After deleting the default text, you can go ahead and add your own robots.txt rules. We recommend using the ideal robots.txt format we shared above.
Once you’re done, don’t forget to click on the ‘Save robots.txt file’ button to store your changes.
Method 2. Edit Robots.txt file Manually Using FTP
For this method, you will need to use an FTP client to edit robots.txt file.
Simply connect to your WordPress hosting account using an FTP client.
Once inside, you will be able to see the robots.txt file in your website’s root folder.
If you don’t see one, then you likely don’t have a robots.txt file. In that case, you can just go ahead and create one.

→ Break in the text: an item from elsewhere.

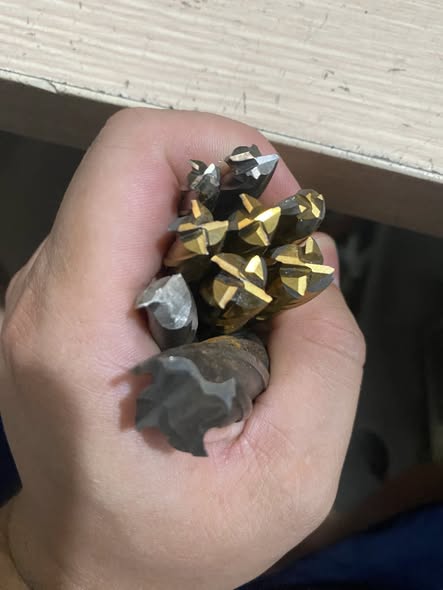 Lô hàng cho các bác có máy mài dao, mài lại mặt đầu: phi 17, 12 3pcs, 10 3pcs, 9 1pcs, 7 1pcs, ta rô NPT1/4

Robots.txt is a plain text file, which means you can download it to your computer and edit it using any plain text editor like Notepad or TextEdit.
After saving your changes, you can upload it back to your website’s root folder.
How to Test Your Robots.txt File?
Once you have created your robots.txt file, it’s always a good idea to test it using a robots.txt tester tool.
There are many robots.txt tester tools out there, but we recommend using the one inside Google Search Console.
Simply login to your Google Search Console account, and then switch to the old Google search console website.
This will take you to the old Google Search Console interface. From here you need to launch the robots.txt tester tool located under ‘Crawl’ menu.
The tool will automatically fetch your website’s robots.txt file and highlight the errors and warnings if it found any.
The goal of optimizing your robots.txt file is to prevent search engines from crawling pages that are not publicly available. For example, pages in your wp-plugins folder or pages in your WordPress admin folder.
A common myth among SEO experts is that blocking WordPress category, tags, and archive pages will improve crawl rate and result in faster indexing and higher rankings.
This is not true. It’s also against Google’s webmaster guidelines.
We recommend that you follow the above robots.txt format to create a robots.txt file for your website.